**Directions for this task**
Only the pictures should be left out; repeat the rest of the data exactly.

**Crawled caption data**
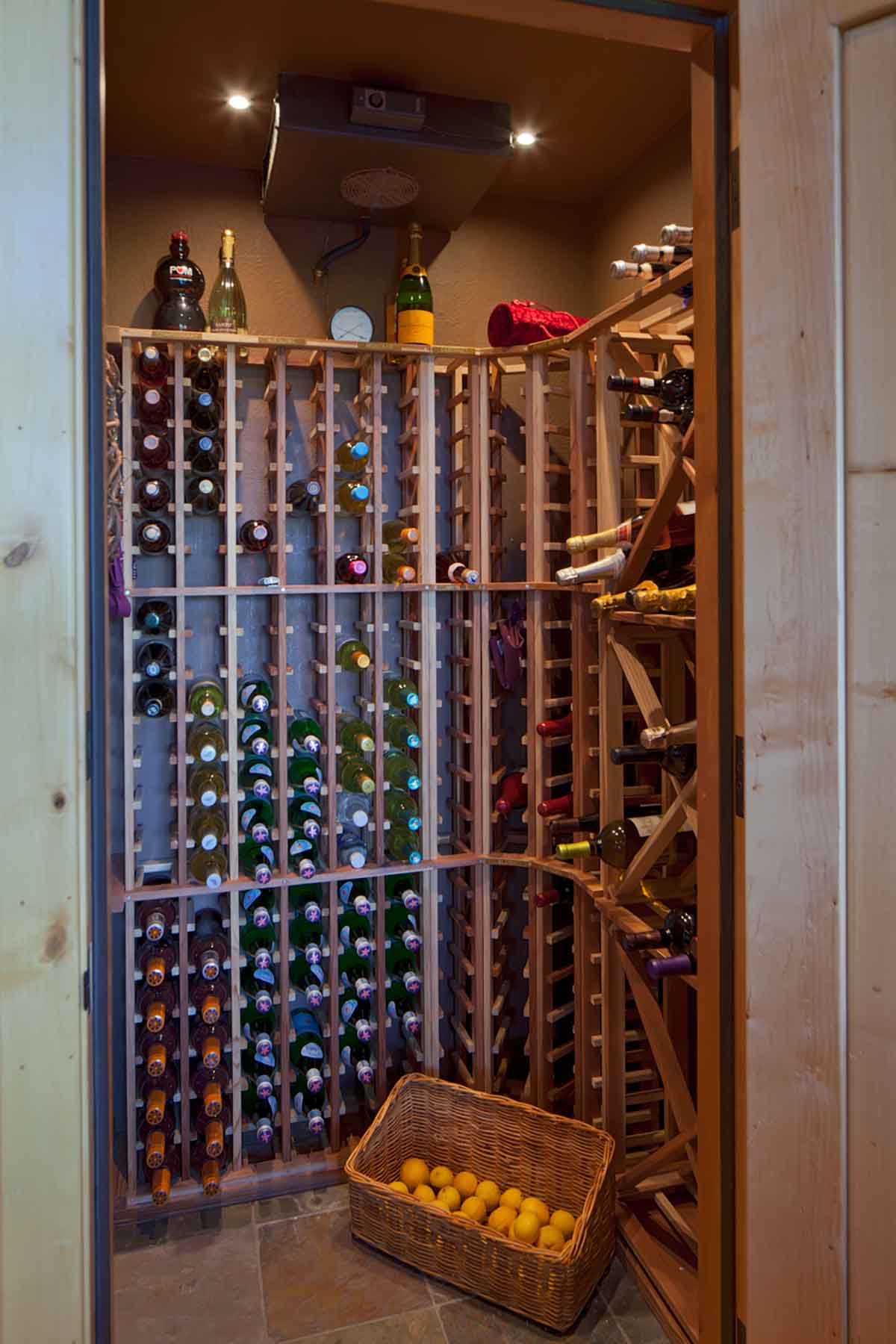 Fish-A-Bit Ranch property picture 20 of 92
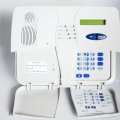 powermax-01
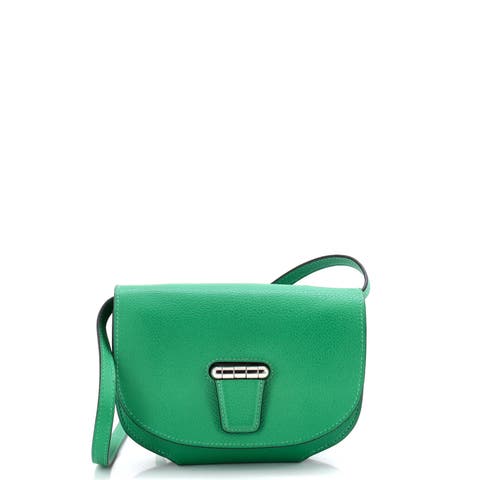 Convoyeur Crossbody Bag Evercolor Mini
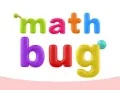 Gêm Chwythu Mathemategol ar-lein Gêm Chwythu Mathemategol ar-lein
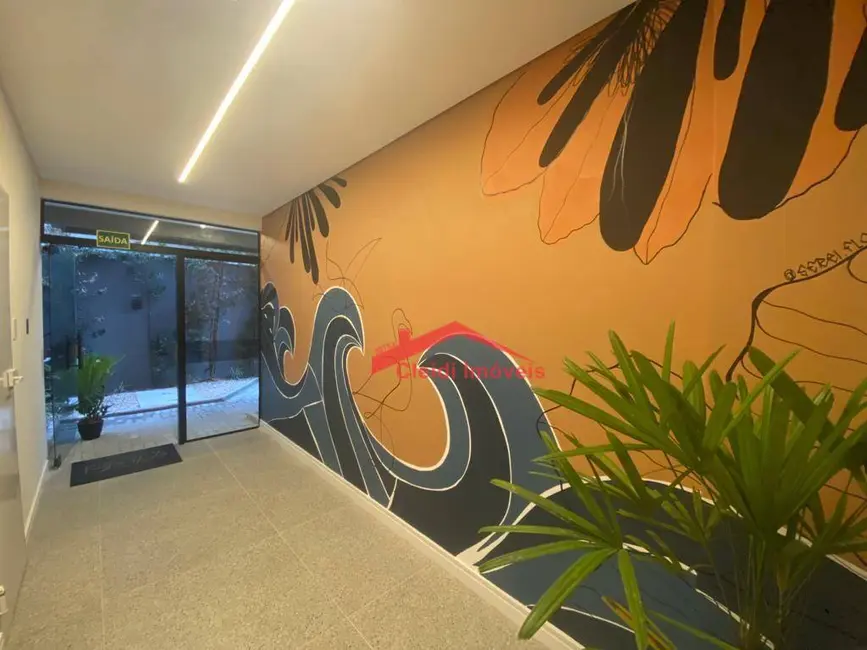 Foto 7 de Cobertura com 3 quartos à venda, 205m2 em Anita Garibaldi, Joinville - SC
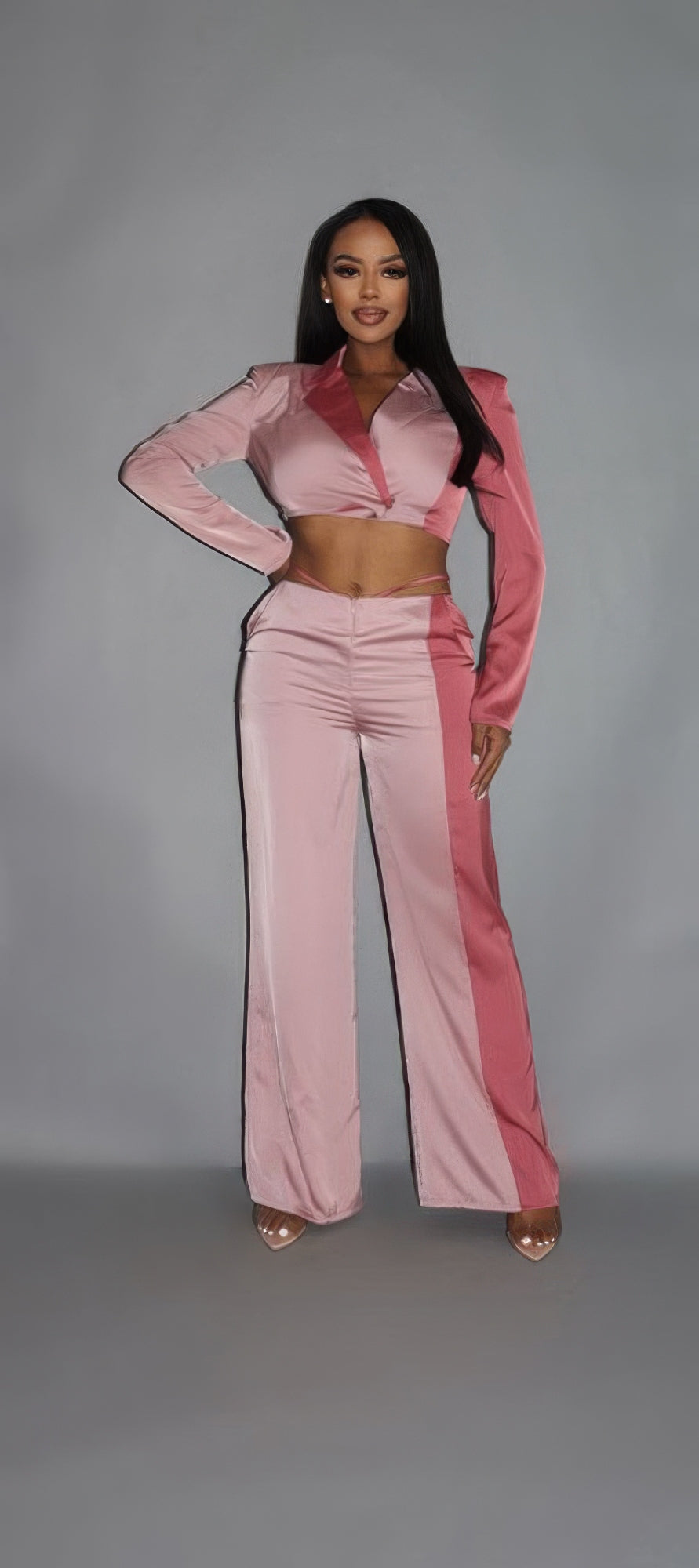 Unique Kulture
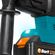 Schlagbohrer BORT BHD-20Li-BL (2x4,0Ah+Charger)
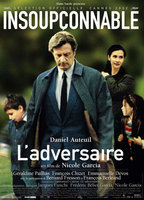 Title: L' adversaire (2002)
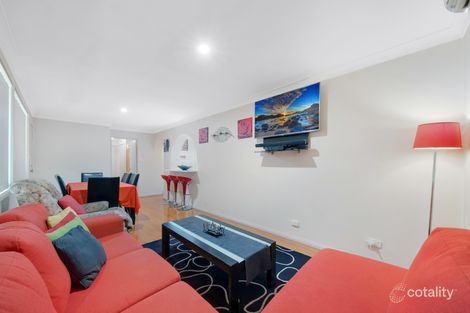 Property photo of 66 Fern Avenue Bradbury NSW 2560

**Expected answer**
 Fish-A-Bit Ranch property picture 20 of 92
 powermax-01
 Convoyeur Crossbody Bag Evercolor Mini
 Gêm Chwythu Mathemategol ar-lein Gêm Chwythu Mathemategol ar-lein
 Foto 7 de Cobertura com 3 quartos à venda, 205m2 em Anita Garibaldi, Joinville - SC
 Unique Kulture
 Schlagbohrer BORT BHD-20Li-BL (2x4,0Ah+Charger)
 Title: L' adversaire (2002)
 Property photo of 66 Fern Avenue Bradbury NSW 2560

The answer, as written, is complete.